Justin Perdue: Exactly. An introspective by definition is positivistic – that’s what we talk about all the time on Theocast. If we wanted to boil this down, what we are aiming at today, or what we have in our crosshairs today is what we might call biblical counseling that we find to be completely unhelpful versus what we’re going to offer as a more confessional perspective on counseling. A pietistic perspective on counseling is everything that you’ve said, Jon, it’s introspective. It’s pointing the Christian back in on him or herself. It’s pointing the Christian to his or her performance, obedience, or disciplines, and will honestly point the Christian to those things as the method to overcome said struggle. Now, of course there is acknowledgment of God and the Holy Spirit and grace and all these things, but really where the rubber meets the road is, “Are you going to be diligent enough and vigilant enough? And are you going to be disciplined enough in your application of these things in order to see yourself delivered?” That’s problematic from our perspective on a number of levels. We do believe in the transformation of life, but we understand that to be something that the Holy Spirit of God does over the course of a long time. As ordinary means, ministry is applied – something that we’ll get to in just a minute.

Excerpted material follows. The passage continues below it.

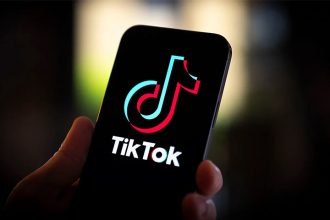 TikTok foi multado por entidade de fiscalização do mercado na Itália (Imagem: TikTok/Reprodução)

Jon Moffitt: One of the things we need to think about is helping the church recalibrate themselves when it comes to problems. Someone contacted our church through Facebook asking for counseling. That’s how they view the church: the church is there, fix my problems and my issues.
Even those who are in the church who find themselves really trapped in sin, their solution is that they need counseling. They think they need to meet with somebody for 6-10 weeks in order to walk them through what they’re going through. The issue with this is that it is not how the church handled sin and struggles with sin historically, and even biblically. When we look at Paul, he didn’t have a therapeutic model set in place. That’s just not how he described the church growing with sin. What that sounds like is you have a problem separated outside of the church when really you have a problem inside the church.
Jimmy Buehler: I do want to give a positive take on this because as somebody who has received counseling at a professional level, I had a positive experience with counseling.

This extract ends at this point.